Abstract available at: http://jnci.oxfordjournals.org/cgi/content/abstract/djn438
Alliance for Natural Health rebuttal
ANH website feature on rebuttal: http://www.anhcampaign.org/news/cancer-prevention-study-or-study-designed-to-prevent-vitamin-sales
“Cookbook science” critique by Drs Steve Hickey and Robert Verkerk: www.anhcampaign.org/files/090108_Cookbook-science_final_0.pdf
ANH’s full rebuttal: www.anhcampaign.org/files/090108_ANH_rebuttal_Lin_JNCI_final.pdf
About the Alliance for Natural Health (ANH)
www.anhcampaign.org
The Alliance for Natural Health (ANH) is an international, non-governmental organisation, based in the UK. It was founded in 2002, and works on behalf of consumers, medical doctors, complementary health practitioners and health-product suppliers worldwide, to protect and promote natural healthcare, using the principles of good science and good law.
The ANH’s overriding goal is to help develop appropriate legal and scientific frameworks for the development of sustainable approaches to healthcare. As in the fields of energy and agriculture, sustainable healthcare invariably requires use of natural products which are inherently compatible with human biochemistry and physiology.
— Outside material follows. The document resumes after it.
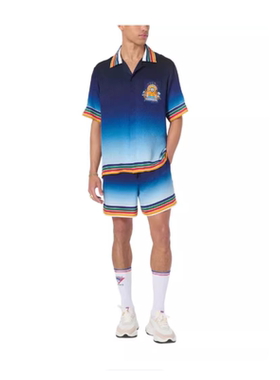 casablanca 26 蓝丘比特  印花 宫廷西西里风男女同款 丝绸衬衫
Within this setting, consumers and health professionals should be able to make informed choices about a wide range of health options, and in particular those that relate to diet, lifestyle, traditional medicinal and non-drug-based or natural therapies, so that they may experience their benefits to the full while avoiding unnecessary risks.
About the American Association for Health Freedom (AAHF)
www.anh-usa.org
The American Association for Health Freedom (AAHF) is a 501(c)4 nonprofit organization that protects Americans’ rights to access integrative medicine and dietary supplements. AAHF protects the right of the consumer to choose and the practitioner to practice by lobbying Congress and state legislatures and crafting legislation; acting as a government watchdog and filing comments on proposed rulings; educating the public, press, and decision-makers on integrative medicine; initiating legal actions and joining and forming significant coalitions.